====== Given records ======

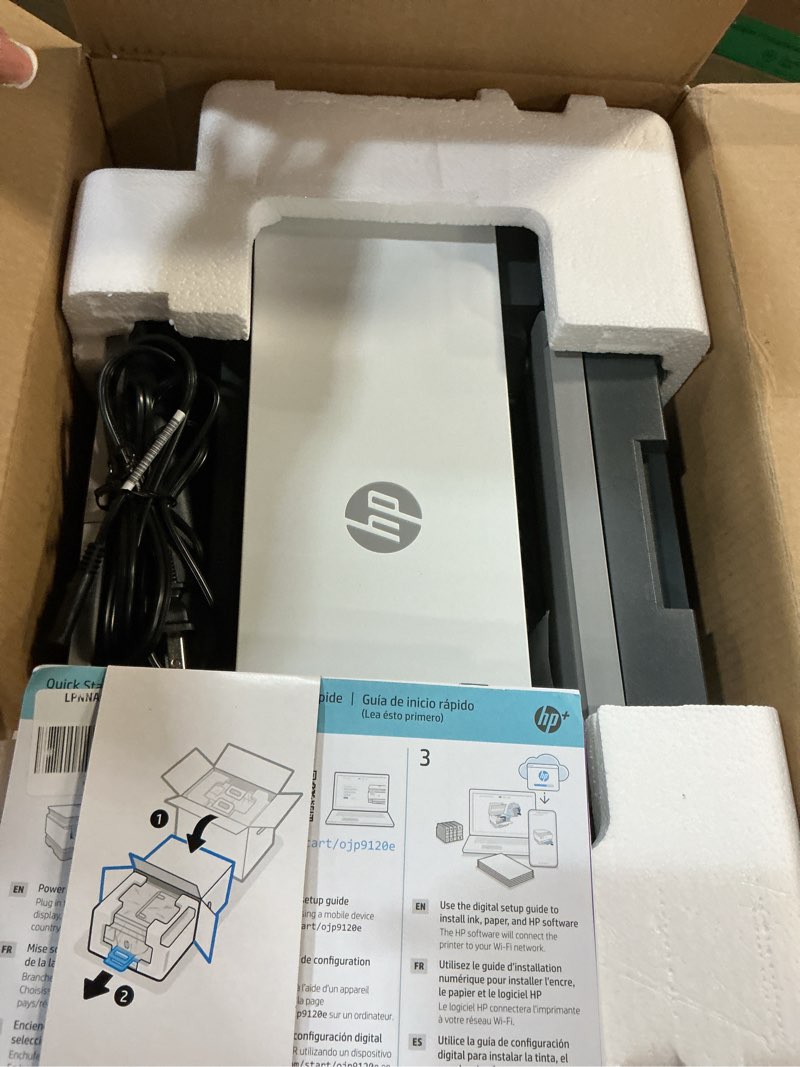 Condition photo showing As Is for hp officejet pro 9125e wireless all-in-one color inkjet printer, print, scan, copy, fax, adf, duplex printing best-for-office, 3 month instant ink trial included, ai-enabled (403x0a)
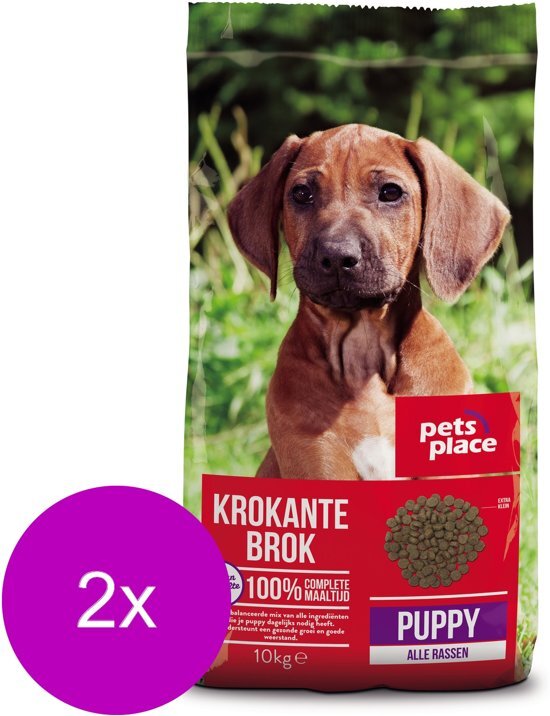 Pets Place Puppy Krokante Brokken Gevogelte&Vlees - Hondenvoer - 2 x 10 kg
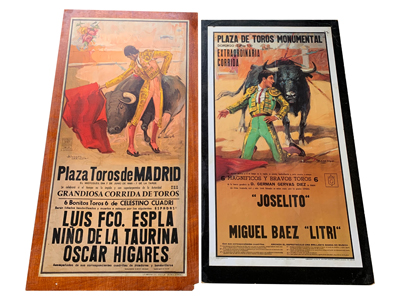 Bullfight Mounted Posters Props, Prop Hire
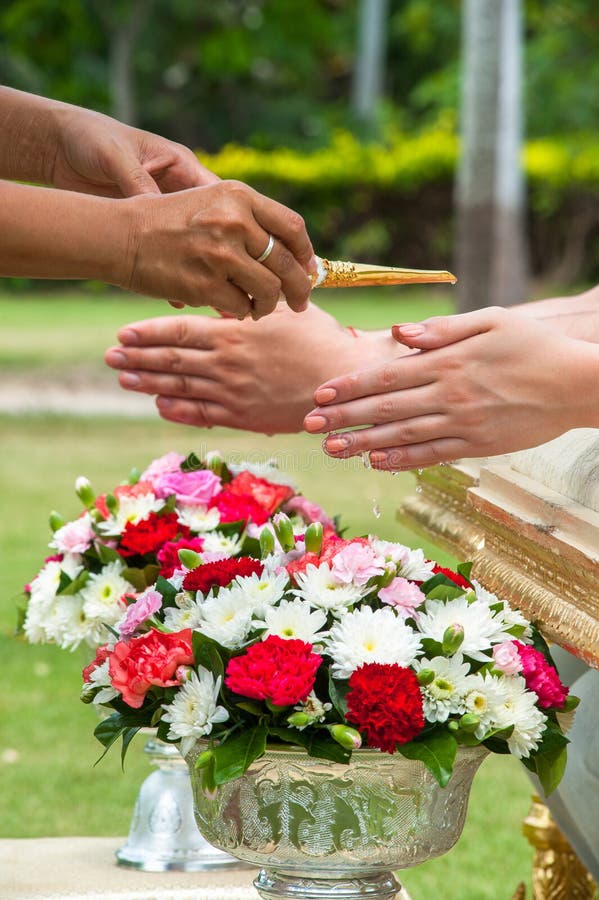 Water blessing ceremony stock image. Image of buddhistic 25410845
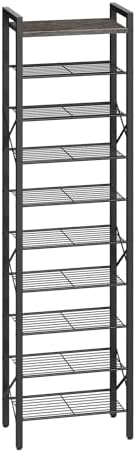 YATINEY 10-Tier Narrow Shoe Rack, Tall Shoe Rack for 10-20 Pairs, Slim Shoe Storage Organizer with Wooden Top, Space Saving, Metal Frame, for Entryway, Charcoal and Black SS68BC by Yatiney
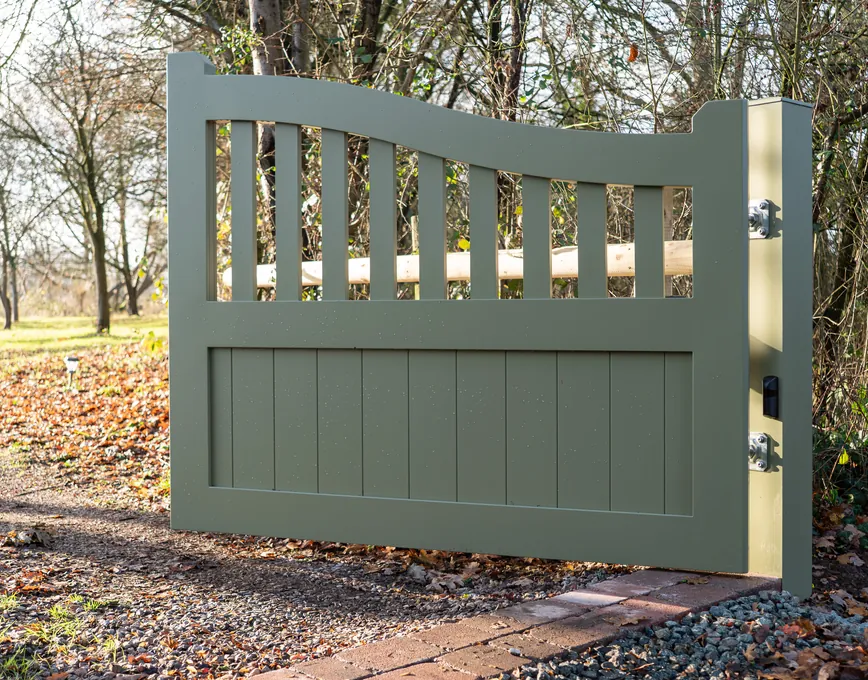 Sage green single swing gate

======
====== Given records ======

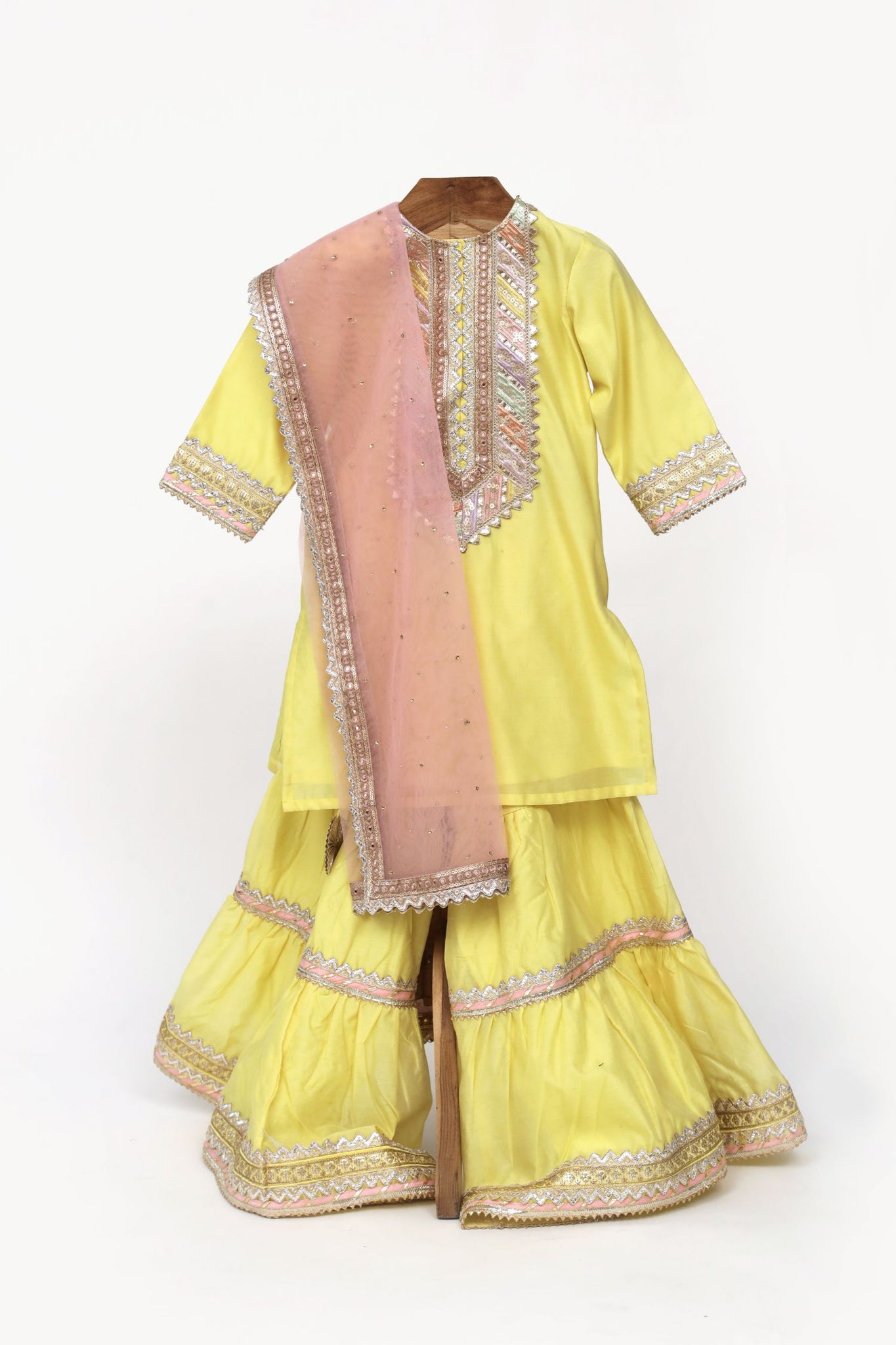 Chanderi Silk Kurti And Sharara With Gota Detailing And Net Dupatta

======
====== Given records ======

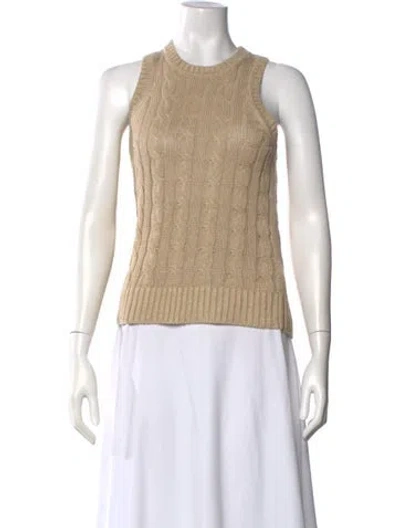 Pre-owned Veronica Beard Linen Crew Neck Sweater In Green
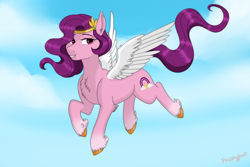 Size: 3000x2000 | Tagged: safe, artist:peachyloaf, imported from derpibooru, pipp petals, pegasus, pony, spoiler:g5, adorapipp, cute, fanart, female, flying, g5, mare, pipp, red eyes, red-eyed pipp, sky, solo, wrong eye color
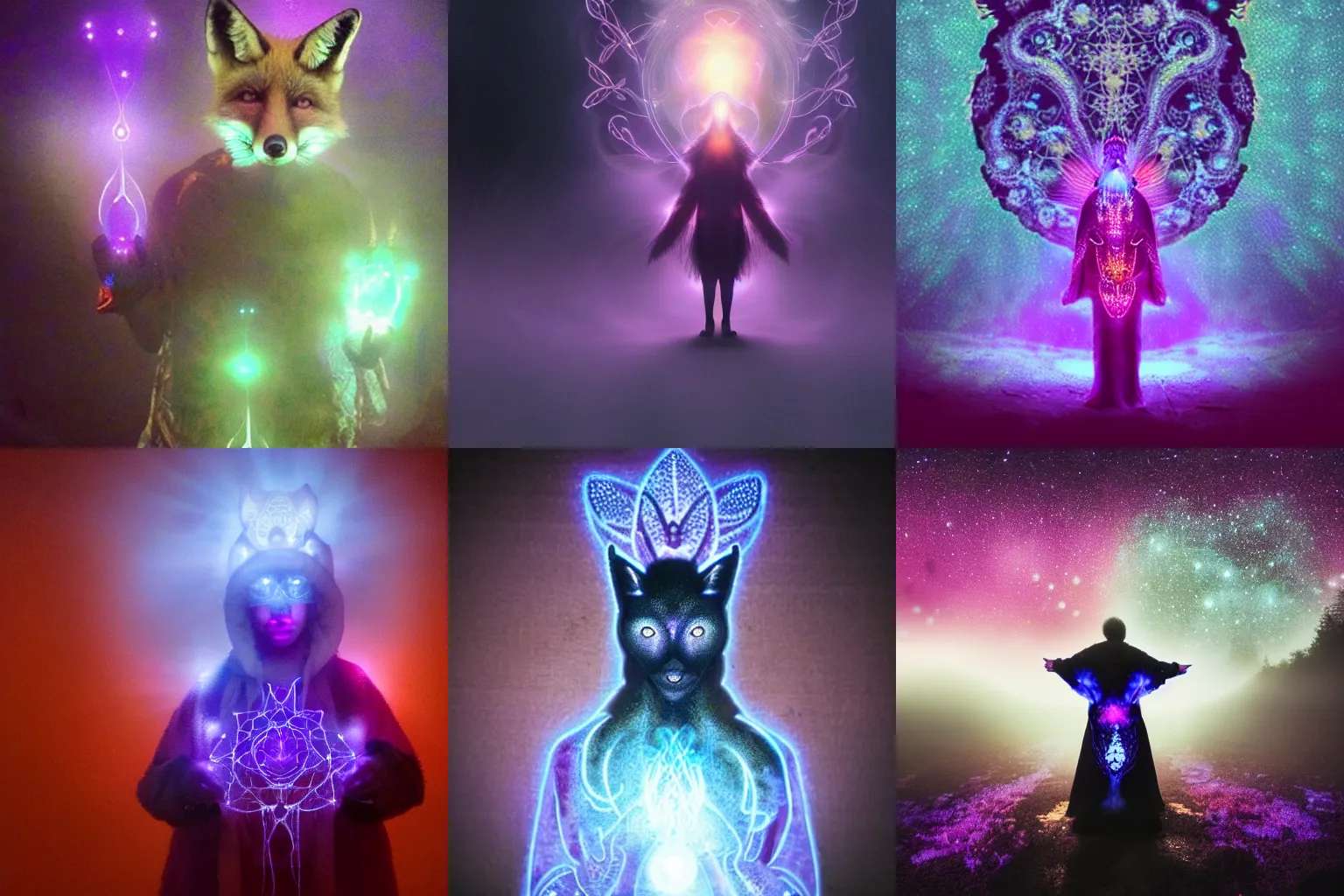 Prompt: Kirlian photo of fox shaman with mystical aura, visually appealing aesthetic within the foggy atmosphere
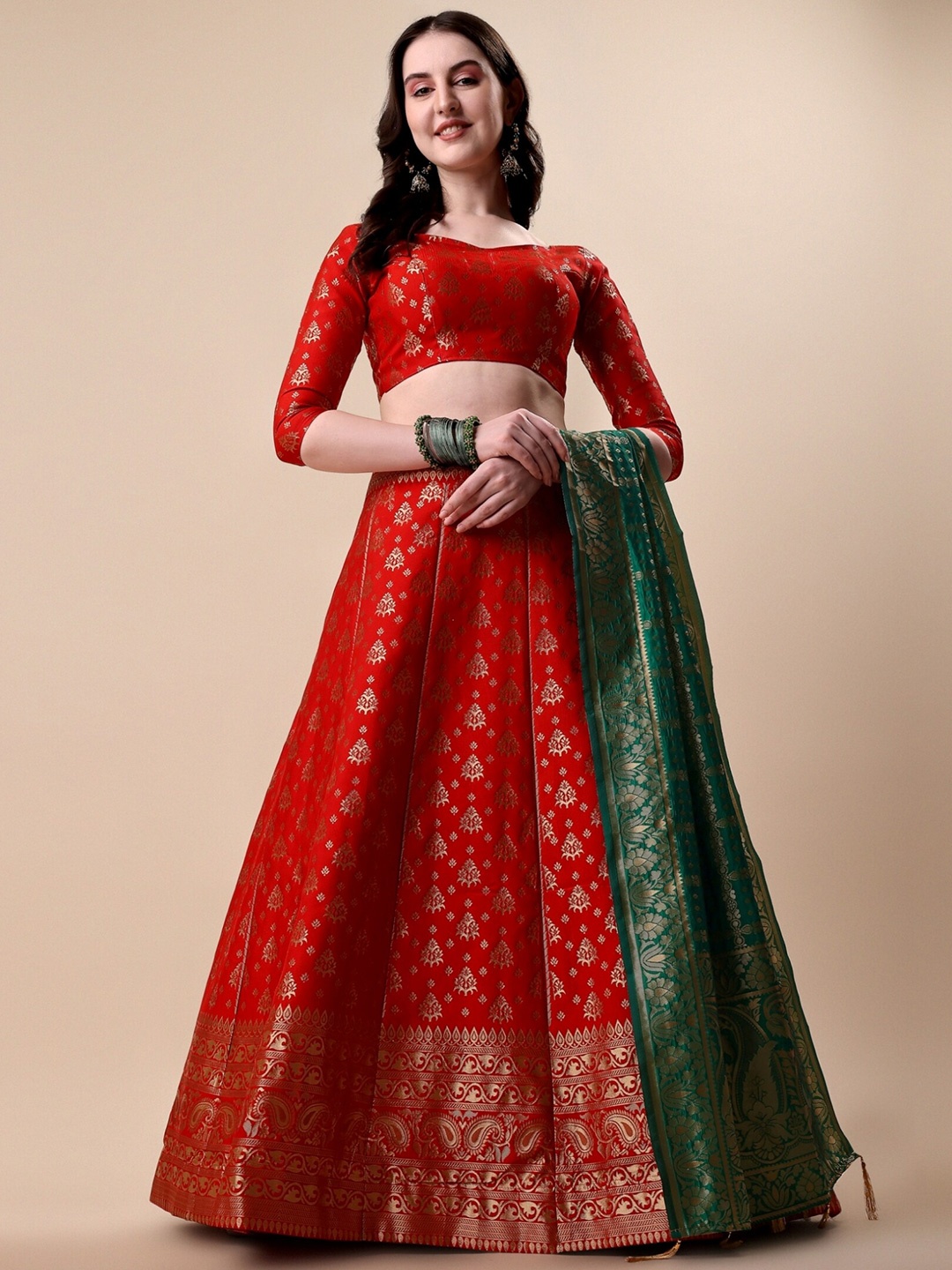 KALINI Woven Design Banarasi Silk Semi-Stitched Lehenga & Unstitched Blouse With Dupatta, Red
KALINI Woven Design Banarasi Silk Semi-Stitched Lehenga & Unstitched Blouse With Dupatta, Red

======

▶ [Assigned task] Would you print exactly the lines in the listing above, from the line bearing "Bullfight Mounted Posters Props, Prop Hire" through the line bearing "Sage green single swing gate", leaving out all pictures?

▶ [Response below]
 Bullfight Mounted Posters Props, Prop Hire
 Water blessing ceremony stock image. Image of buddhistic 25410845
 YATINEY 10-Tier Narrow Shoe Rack, Tall Shoe Rack for 10-20 Pairs, Slim Shoe Storage Organizer with Wooden Top, Space Saving, Metal Frame, for Entryway, Charcoal and Black SS68BC by Yatiney
 Sage green single swing gate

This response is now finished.